Journalismus von unten, für unten. Vollkommen unabhängig von Konzernen und Parteien.
09/04/2024

Der Boykott des Boykotts


Die öffentliche Hetzjagd gegen eine Mitarbeiterin des öffentlich-rechtlichen Rundfunks hat wieder einmal Erfolg gehabt: Helen Fares, Moderatorin des SWR-Formats »MixTalk«, wurde vom Sender entlassen, nachdem sie in sozialen Medien eine kritische Haltung zum israelischen Vernichtungskrieg gegen Gaza eingenommen hatte. Der SWR begründete dies mit einem angeblichen Verstoß gegen die »geforderte Neutralität« des Senders – ob das wohl auch ein Argument gewesen wäre, wenn sie sich mit Israelfahnen hätte ablichten lassen?

Man muss kein Hellseher sein, um diese Frage zu verneinen. Denn die Entlassung von Fares ist im Kontext einer Reihe von Vorfällen zu sehen, die als Teil einer größeren Hetzjagd gegen pro-palästinensische Stimmen in Deutschland interpretiert werden müssen. Diese Tendenz zur Marginalisierung und Sanktionierung von Personen des öffentlichen Lebens, die sich kritisch mit der israelischen Regierungspolitik auseinandersetzen, ist eine brandgefährliche Entwicklung.

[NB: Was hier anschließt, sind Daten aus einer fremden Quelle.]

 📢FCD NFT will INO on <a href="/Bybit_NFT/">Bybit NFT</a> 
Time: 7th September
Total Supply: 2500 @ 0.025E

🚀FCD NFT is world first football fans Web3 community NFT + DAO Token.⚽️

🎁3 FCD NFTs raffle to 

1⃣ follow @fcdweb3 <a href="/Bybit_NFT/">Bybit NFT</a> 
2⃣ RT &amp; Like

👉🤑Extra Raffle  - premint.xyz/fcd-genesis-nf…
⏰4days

In Deutschland ist es kaum noch möglich, zwischen notwendiger Kritik am rassistischen zionistischen Regime und tatsächlich antisemitischen Äußerungen zu unterscheiden. Der pro-israelischen Lobby ist es gelungen, Kritik am Staat Israel mit einem Angriff auf die jüdische Gemeinschaft oder gar mit Antisemitismus gleichzusetzen.

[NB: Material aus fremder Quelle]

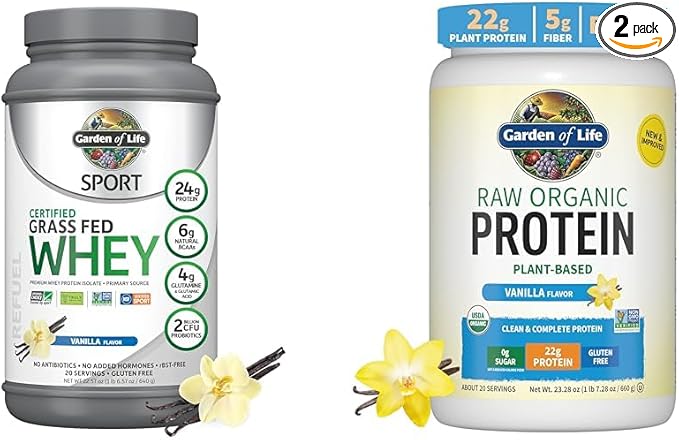 Garden of Life Grass Fed Whey Protein Powder and Organic Vegan Protein Powder Bundle - 24g and 22g Protein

Die Reaktion des SWR auf die Äußerungen von Fares, die in einem nicht-beruflichen Kontext gemacht wurden, zeigt, dass eine Anstellung beim ÖRR und eine progressive Haltung zum Nahostkonflikt mittlerweile einen offenen Widerspruch darstellen. Von journalistischer Unabhängigkeit kann hier kaum noch die Rede sein. Und das, wo sich der ÖRR doch gerade zum Ziel gesetzt hat, auch kontroversen Stimmen und Themen eine Plattform zu bieten, die in einem privaten und profitorientierten Sender so vielleicht nicht zu hören wären.

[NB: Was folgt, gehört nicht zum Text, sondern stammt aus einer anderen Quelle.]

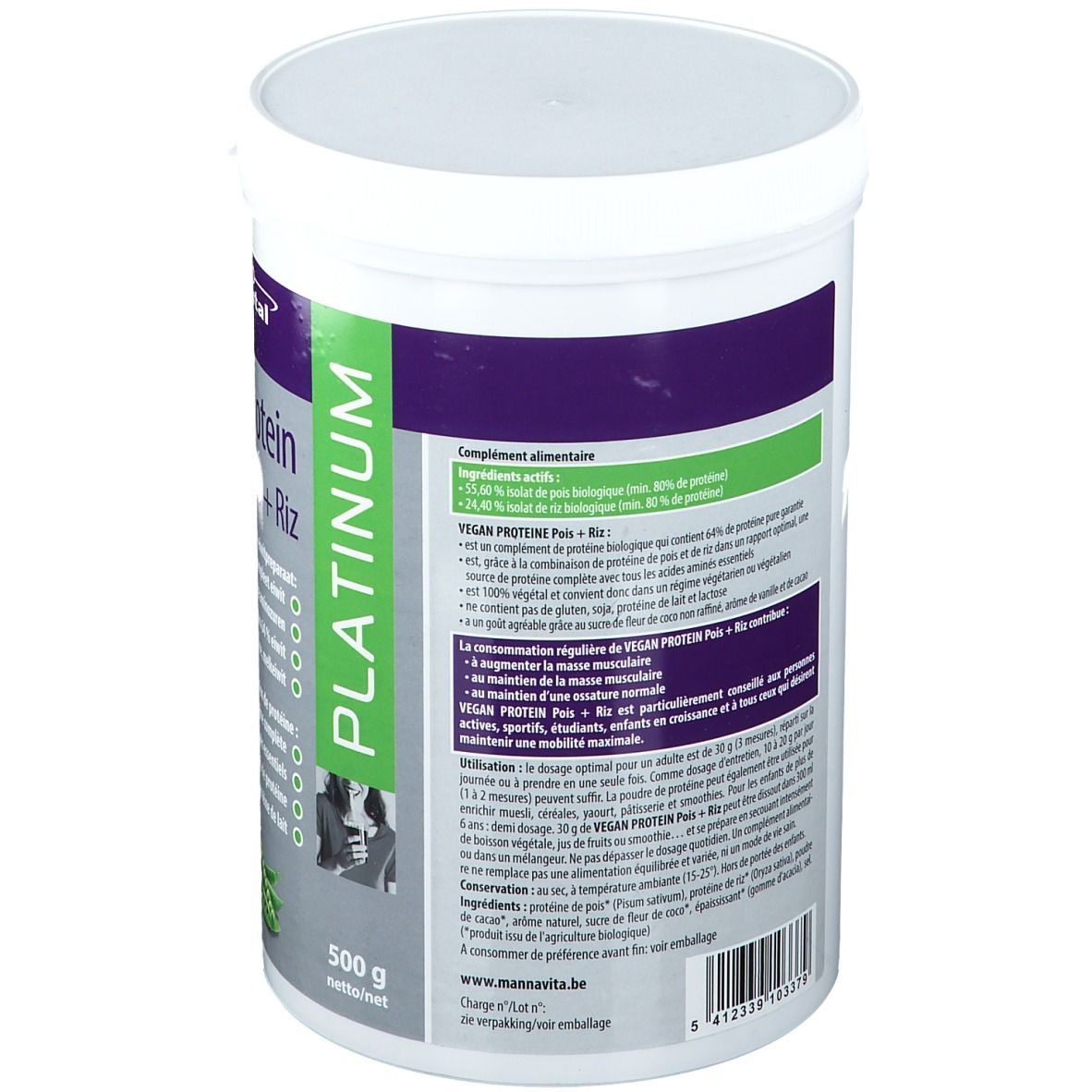 Mannavital Vegan Protein Pois + Riz Platinum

Doch was kann Fares eigentlich so Schlimmes gesagt haben, dass dem SWR nichts anderes übrig blieb, als sie zu entlassen? Sie zeigte in einer Instagram-Story die App »No Thanks«, die es Nutzern ermöglichen soll, Produkte im Einzelhandel zu identifizieren, die die israelische Besatzung und die Unterdrückung der Palästinenser unterstützen. Ich fasse zusammen: Wenn die Bundesregierung Wirtschaftssanktionen gegen Russland verhängt und damit dessen Produkte boykottiert, ist das ein wichtiger Schritt zur Rettung westlicher Werte. Wenn aber eine SWR-Moderatorin sich auf ihrem privaten Instagram-Account dafür ausspricht kein Geld für Produkte auszugeben, die ein genozidales Regime unterstützen, dann ist das höchst verwerflich. Macht Sinn, oder?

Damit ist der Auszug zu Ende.